We use that in induction-type regimen so we're using higher doses
for a 6-month period of time to induce a remission.
We then use maintenance therapy with the same agents typically.
So, if we're using cyclophosphamide to begin with,
we will switch to mycophenolate mofetil or azathioprine, another antimetabolite,
to maintain that remission along with a low-dose steroid.
Alternative agents include rituximab, that's our anti-CD 20 monoclonal antibody.
Now, used with just lupus alone or using that particular agent
in somebody for an induction regimen may not be as beneficial
but it's something that we have in our back pocket for people who have resistant lupus nephritis.

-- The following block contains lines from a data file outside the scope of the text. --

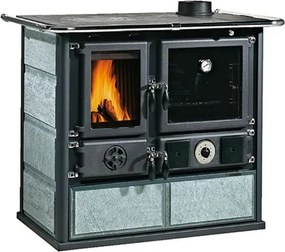Termocucina a legna Rosa 11,0 kW Pietra Naturale - La Nordica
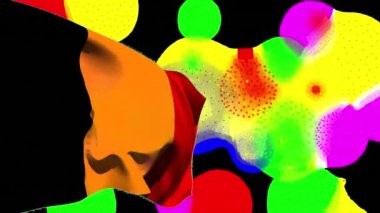 Şekiller üzerinde Belçika bayrağı ve siyah arka planda havai fişek animasyonu. Yeni yıl, parti ve kutlama konsepti dijital olarak oluşturuldu.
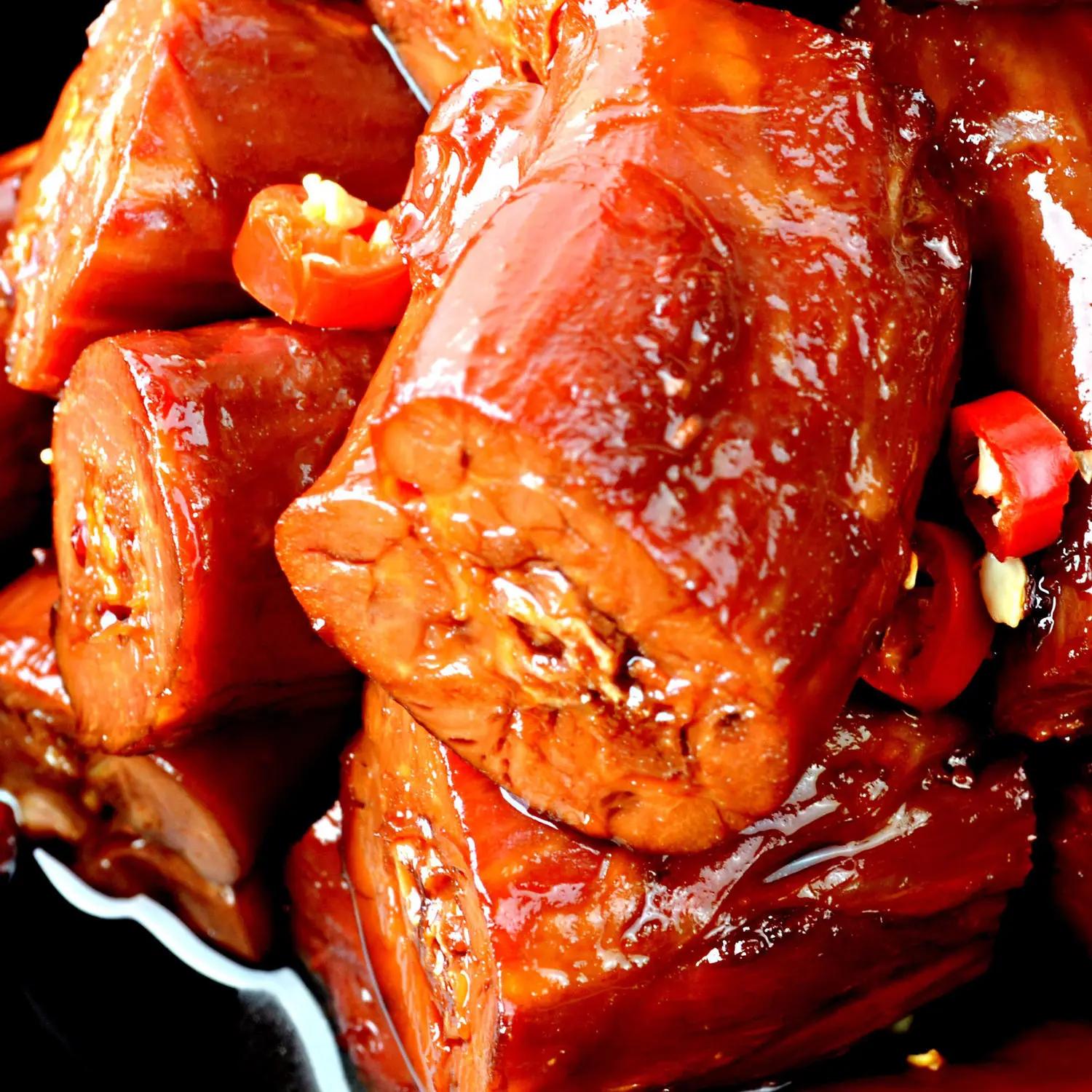 Экспортированная закуска из утиного мяса репертированная Шея жареной утки с пряным и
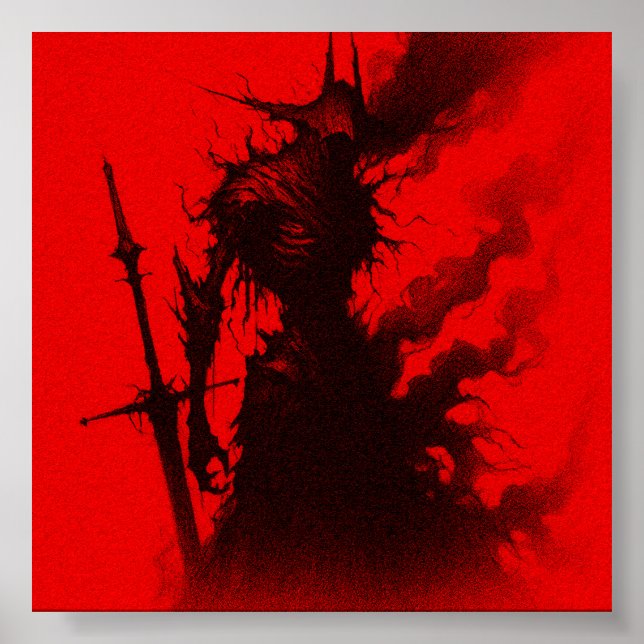 𝗩𝗢𝗜𝗗𝗪𝗔𝗟𝗞𝗘𝗥 | Matte Paper Print (Front)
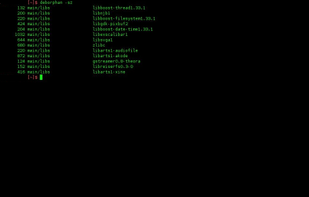 deborphan screenshot 1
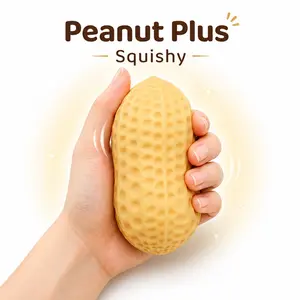 Peanut Squishys, Peanut Stress Balls, Decompression Squeeze, Squeeze Luck Squishys,Cute Squeeze Dough Ball Stress Relaxation Hand Toys,Soft Dough for Party Favor, Stress Relief Fidgeting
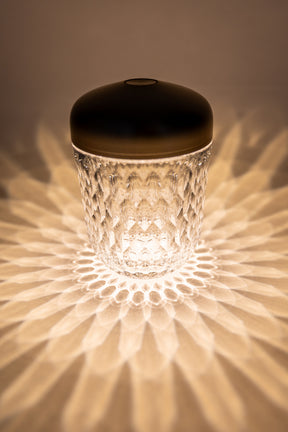 x Saint-Louis Folia Portable Crystal Lamp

We also have multitargeted therapy.
So, there's some patient populations, particularly Eastern Asian populations,
that may do better with things like a calcineurin inhibitor
in addition to the mycophenolate mofetil and steroids.
So, again, these are alternative agents that if our patients fail either cyclophosphamide alone
or mycophenolate mofetil or induction therapy,
we can move to these alternative agents to see if they can help our patient.
There's plenty of new therapies that are on the horizon.
Alemtuzumab, which is another CD 20 antibody,
is right there on the cusp of potentially being a newer therapy for these patients.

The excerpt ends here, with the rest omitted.